The image is the most important part of your ad. I've played around with copy, but the image will make or break your ad.
Ads to Facebook pages work better in my experience. I convert a lot of new fans through Facebook ads.
I'm actually driving a lot of traffic to an external site through Facebook ads. My current CTR is .061% and I'm paying $.44 a click for one particular campaign.
Facebook retargeting is also getting a lot of good buzz, but I have yet to use it.
Personally, I don't think a 12% conversion rate for your completed surveys is bad. Conversation rates have a lot of different variables. Your ad might have set certain expectations that your survey didn't support. Hard to say without knowing specific ad creative and survey topic.
What kind of images are good you think? Say I'm promoting my Windows 8 app - would the logo be good? Or rather a screenshot? Or something completely different?
(building a google analytics app btw)
And have you tried other services like adsense? Which one is better?
Freelance marketing is a much different beast than freelance programmers. That's because, unlike programmers, most people think they can do marketing, without any experience or training. The same cannot be said for programming.
Those that are wise enough to acknowledge that they're not an expert marketer tend to bring the job in-house.
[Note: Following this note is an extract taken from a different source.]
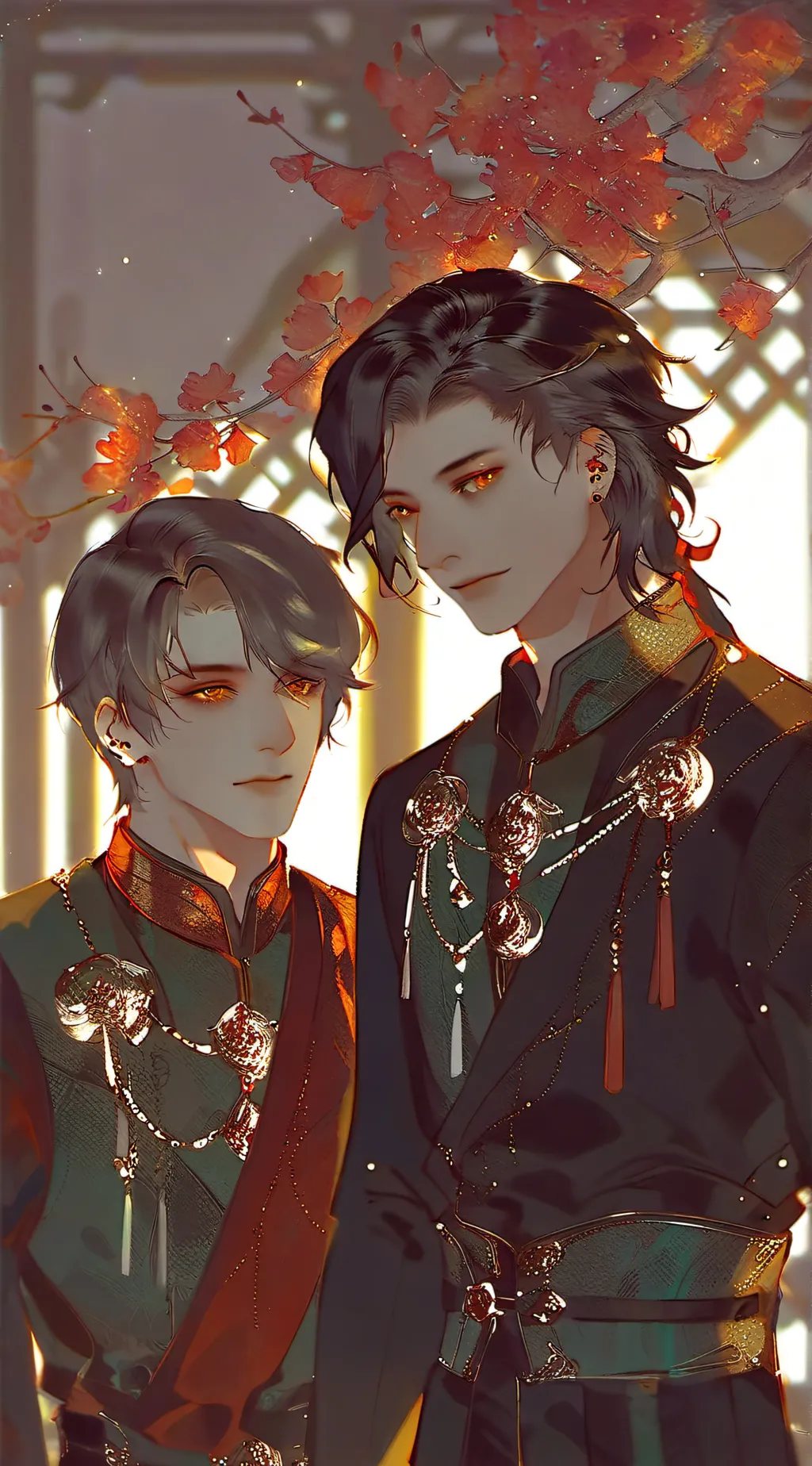 ai character: Alex and Liem  background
Marketing is much more hands on with the business end and I believe people feel more comfortable having someone there day in and day out.
With that said, there are places like elance, RFPDB, and Craigslist where marketers can find work. However I've found that personal recommendations are the best way to go (I know this is obvious).
My experience has proven that these sites are extremely ineffective. People ask for the world at very low pay. Like the many different programming languages, there are many different disciplines of marketing. I'm not sure if programmers are expected to know every language, but many people looking for freelance marketing help expect someone to have expertise in all forms of marketing (i.e. SEO, Social, PPC, Media, Content, Email, etc). Not impossible, but not common.
I'm sure paragraph 3 was all you were looking for, but I thought I'd add in some color to the answer :) Hope this helps.
I was really asking more out of curiosity in contrast to the freelance programmer question.
I think there are a lot of similarities between freelance programming and freelance marketing though there seem to be more cowboys in marketing, perhaps.